A Fazenda Taquaral está localizada na Microrregião de Araxá e conta com uma área de 480 hectares, com 19 funcionários ao todo. Apesar do investimento em queijos ser recente, o negócio já caminha a todo vapor. São cerca de 11 mil litros de leite produzidos por dia, transformados em 200 kg da comida. Apesar do já avançado nível de produção, Ana Helena enfatiza que ainda há muito trabalho a ser realizado.
"A gente está nessa estrutura desde dezembro do ano passado. Tem muita coisa para ser feita. O bezerreiro ainda está em construção, então essa instalação é relativamente nova. Ela é toda reutilizada, isso era uma antiga fábrica, eles desmontaram e compraram leilão, então aqui tem uma pegada muito importante de reuso de materiais."
Ana destacou a felicidade ao receber a notícia do reconhecimento dos Modos de Fazer Queijo Minas e destaca a história do alimento na região. "É uma tradição que vem desde os primeiros colonos. A colonização do Triângulo começou no Desemboque. Os primeiros colonizadores levavam tudo em carro de boi. O queijo entrou nessa região e se espalhou através da região", afirmou, referindo-se a uma vila de cerca de 30 habitantes localizada a 65 km do centro de Sacramento.
"O queijo da região de Araxá é mais suave, amanteigado, não é tão picante, mesmo curado. Em um queijo do Serro, você nota a diferença. É mais picante, mais forte", explicou Ana Helena, enfatizando a importância do pingo na diferenciação dos produtos.
Gastronomia em ascensão
Além dos queijos, Minas Gerais é conhecido pelo plantio e consumo de café. Segundo a Confederação da Agricultura e Pecuária (CNA), 29 milhões de sacas da planta foram colhidas no estado em 2023, o equivalente a 53% da produção nacional, e são exportados para mais de 90 destinos pelo mundo.
O cultivo de uvas para fabricação de vinhos finos também tem se expandido no território mineiro. Para 2024, a produção deverá ser de aproximadamente 2,5 mil toneladas, a maior já registrada nos últimos 10 anos, de acordo com levantamento da Empresa de Assistência Técnica e Extensão Rural de Minas Gerais (Emater-MG).
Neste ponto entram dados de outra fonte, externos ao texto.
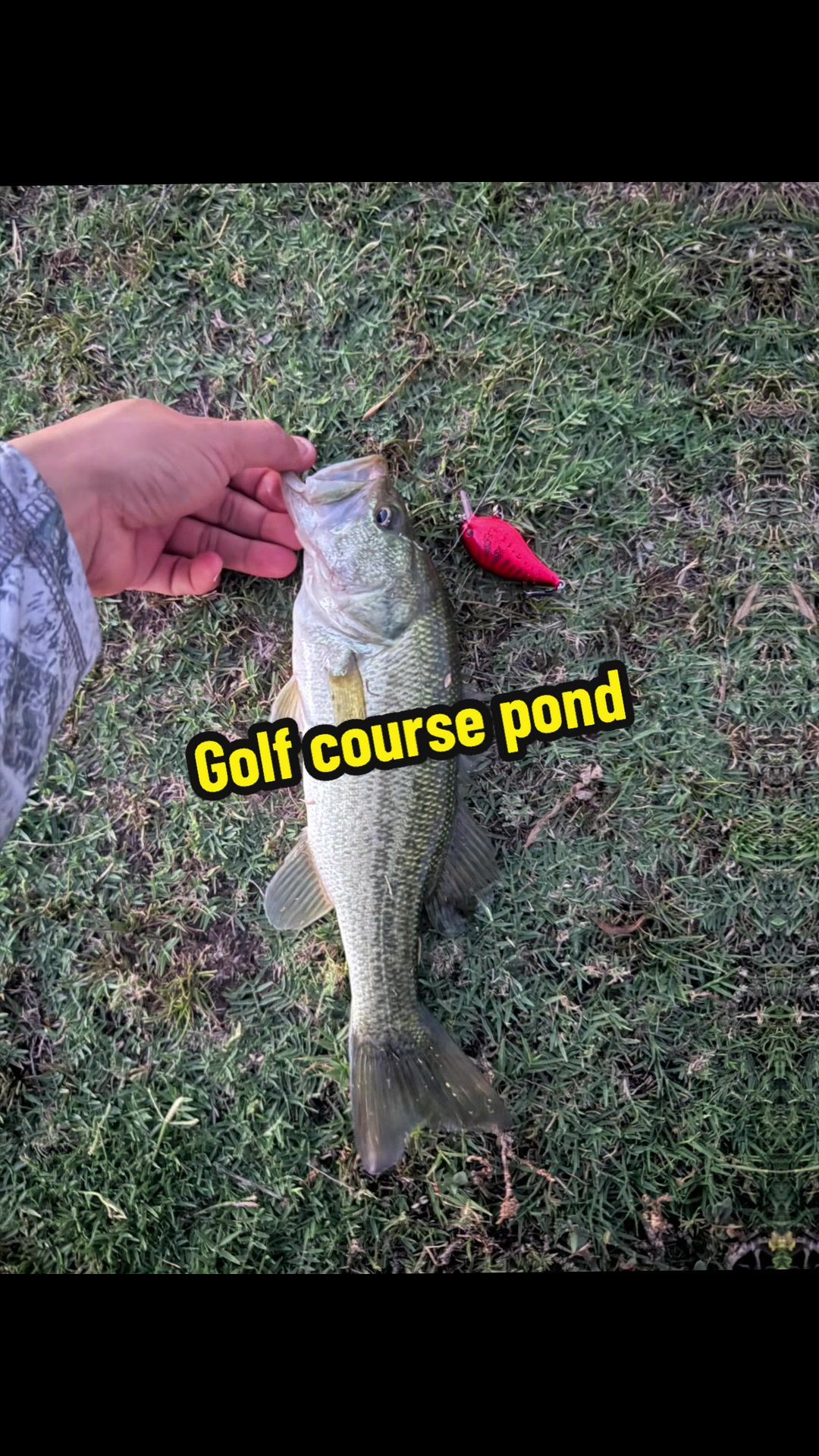 @Luu Nguyen Fishing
Ambos os produtos são comercializados pela Casa Bruxel, empresa criada por Décio Bruxel em 1976, no município de Presidente Olegário, e transferida para Patos de Minas 10 anos depois. Inicialmente, o foco era nas plantações de café, mas em 2018, por incentivo dos filhos, sócios da companhia, a fabricação de vinhos passou a fazer parte do catálogo.
"Cada safra que se conclui é uma alegria, uma realização para toda a família DB, pois essa é a nossa missão, produzir alimentos. Eu sempre falo que para produzir bem, a terra é o melhor e maior patrimônio. Por isso, nós precisamos amar a terra, e isso que nós fazemos", afirma Décio, destacando os métodos sustentáveis utilizados pela empresa.